EXERCISE DETAILS>
Copy, word for word, the lines of the listing below from the line with "Полотенце махровое хлопок" up to and including the line with "20oz Case of". Drop the pictures.

RECORDS SUPPLIED>
□ □ □ □

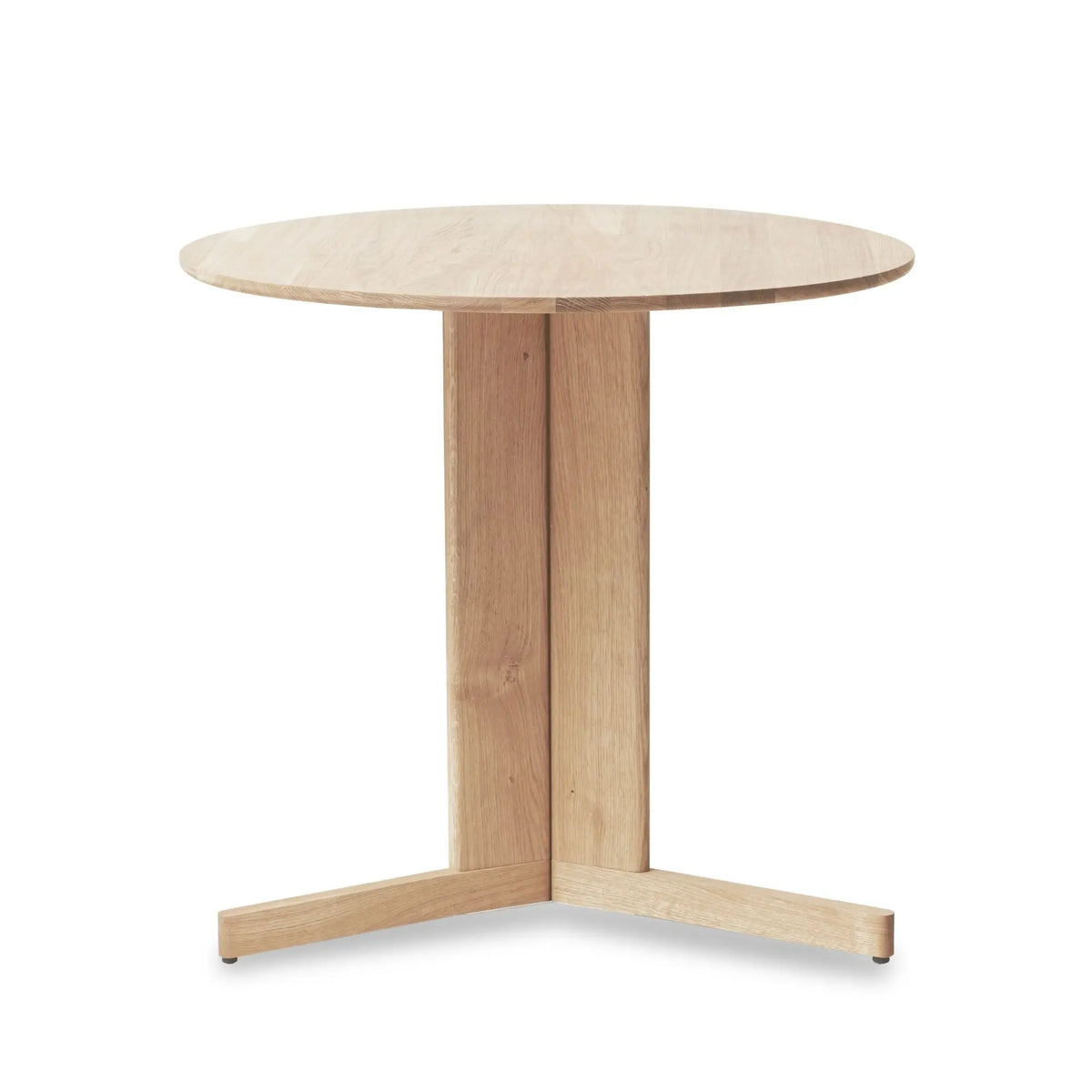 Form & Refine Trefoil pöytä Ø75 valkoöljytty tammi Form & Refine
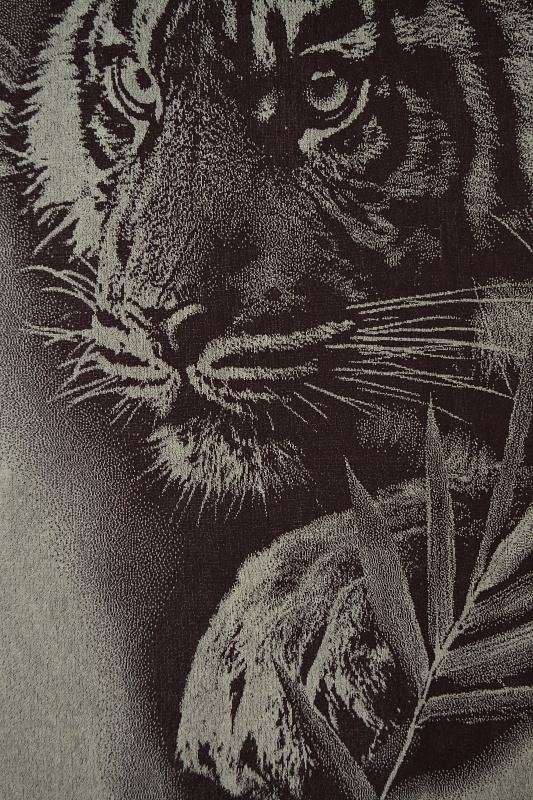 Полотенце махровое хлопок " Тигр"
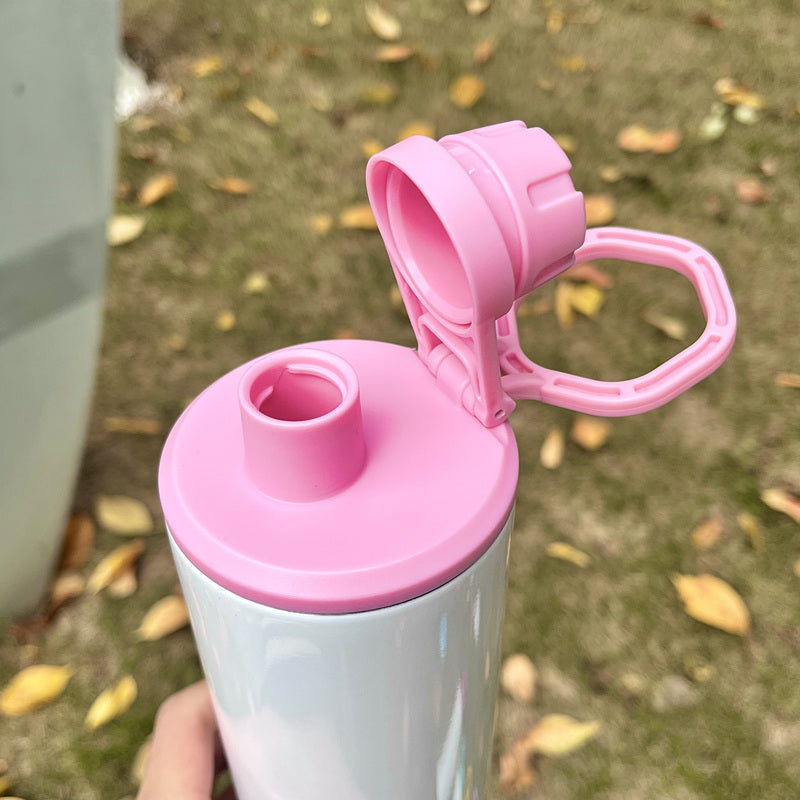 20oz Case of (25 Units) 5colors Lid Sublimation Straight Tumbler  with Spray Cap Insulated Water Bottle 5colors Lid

□ □ □ □

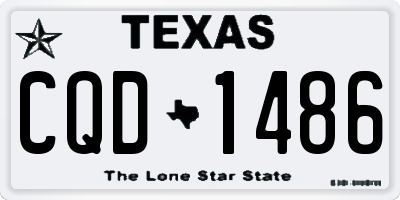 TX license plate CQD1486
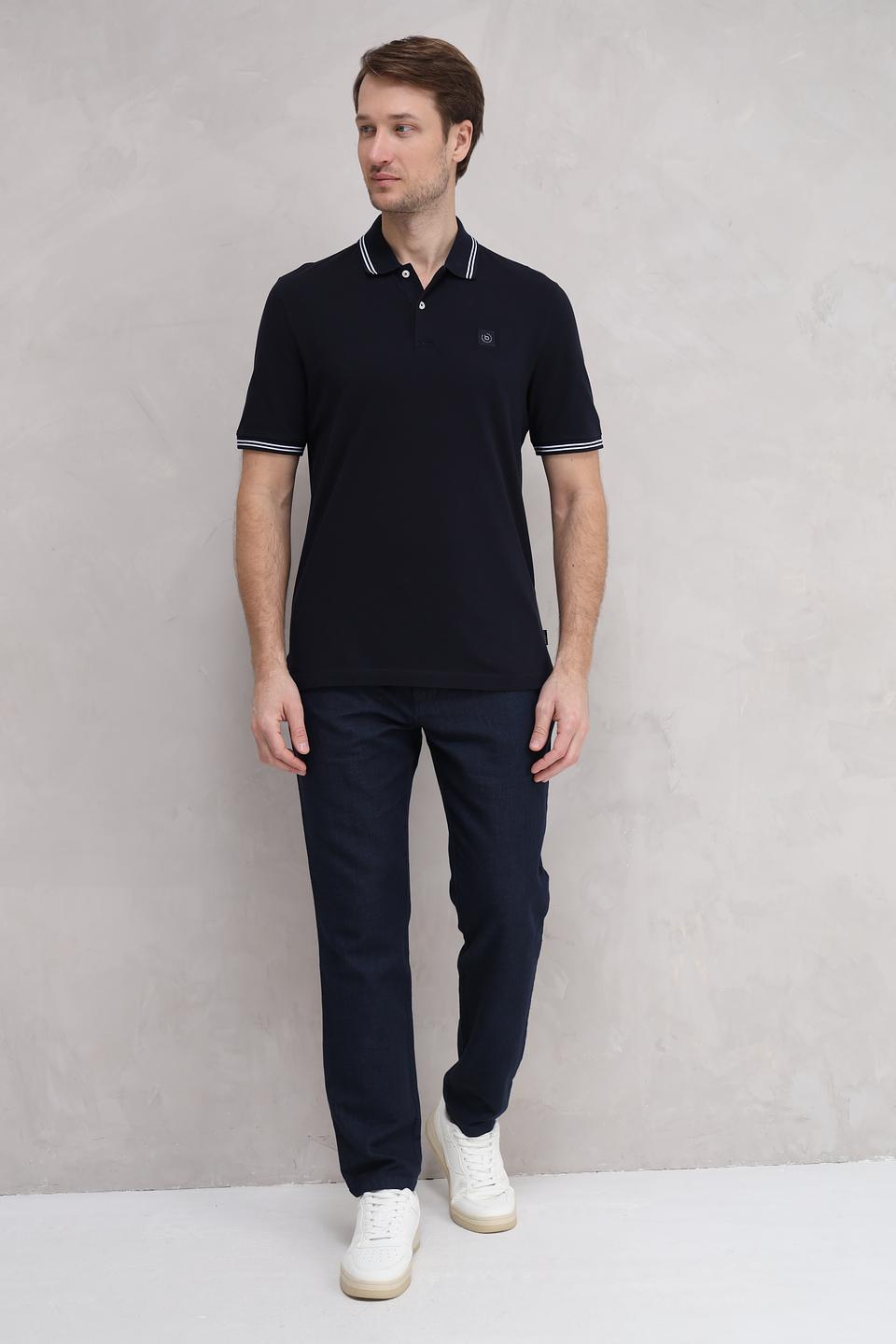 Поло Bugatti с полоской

□ □ □ □

YOUR SOLUTION>
 Полотенце махровое хлопок " Тигр"
 20oz Case of (25 Units) 5colors Lid Sublimation Straight Tumbler  with Spray Cap Insulated Water Bottle 5colors Lid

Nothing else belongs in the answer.